21. "The Bet" tests the convictions of a lawyer who claims
that any kind of life is better than no life at all by
subjecting him to fifteen years of subhuman existence,
trapped in a house with nothing but books for company.
Although physically comfortable, the lawyer is deprived
of one of the standard markers of being human—being
part of a community of other humans. As time goes by,
the lawyer is slowly driven to reject the rest of his
human existence as well. When he forfeits victory in
the bet for a life of spirituality or perhaps even suicide,
the story seems to point to the idea that without
interaction with others, our humanity cannot survive.
22. As soon as one of the party people argues that a
government that can't restore human life shouldn't have
the right to take it away, well, we know that the theme
of sacrifice is going to be important in "The Bet."

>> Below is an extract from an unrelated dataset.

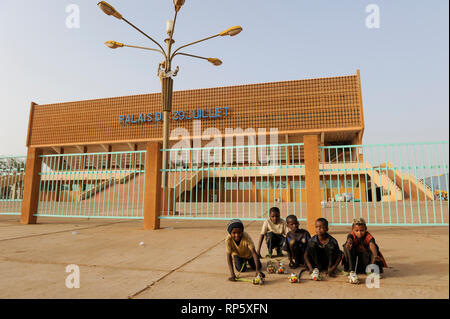 NIGER Niamey, soccer stadium PALAIS DU 29 JUILLET, children with self made plastic  tin shed toy cars Stock Photo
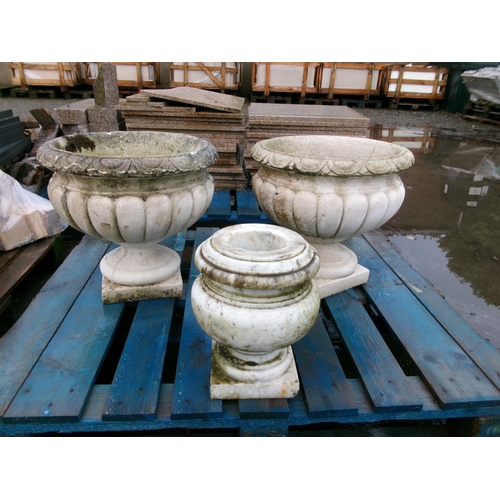 58 - A pair of reconstituted stone stemmed circular garden urns together with a white marble urn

Sacrifice turns out to be the most plausible way for the
banker to view the actions of the lawyer—and for the
lawyer himself to describe his own reaction to his
voluntary imprisonment. He agrees to throw a part of
his life away, to sacrifice his connection to the rest of
humanity in order to find some other level of
existence. But the story refuses to answer the obvious
question—does he succeed?
23. "The Bet" might not actually have anything to say
about the death penalty, but it can certainly be
read as an experiment in solitary confinement.
Sure, most prisoners are fairly deprived, but how
can you figure out the effects of total isolation,
rather than plain old confinement? Here, a prisoner
has all the physical and intellectual comforts that
he could want, but he's cut off from any and all
human contact. What follows is the psychological
transformation of an already slightly unbalanced
man into a being that loses all touch with his own
humanity.
24. By setting the action up as a bet, this story necessarily
ends up being a contest between the two men
involved. The one-upmanship is the reason for the bet,
the reason for the raised confinement length ante, the
reason for the banker almost committing murder, and
maybe even the reason for the lawyer's final twist of an
escape. In the end, though, "The Bet" refuses to in any
way rule on the wager at its center, leaving the reader
to decide whether anyone won or lost, and whether the
competition between the banker and the lawyer was
the strongest motivator for the actions of each.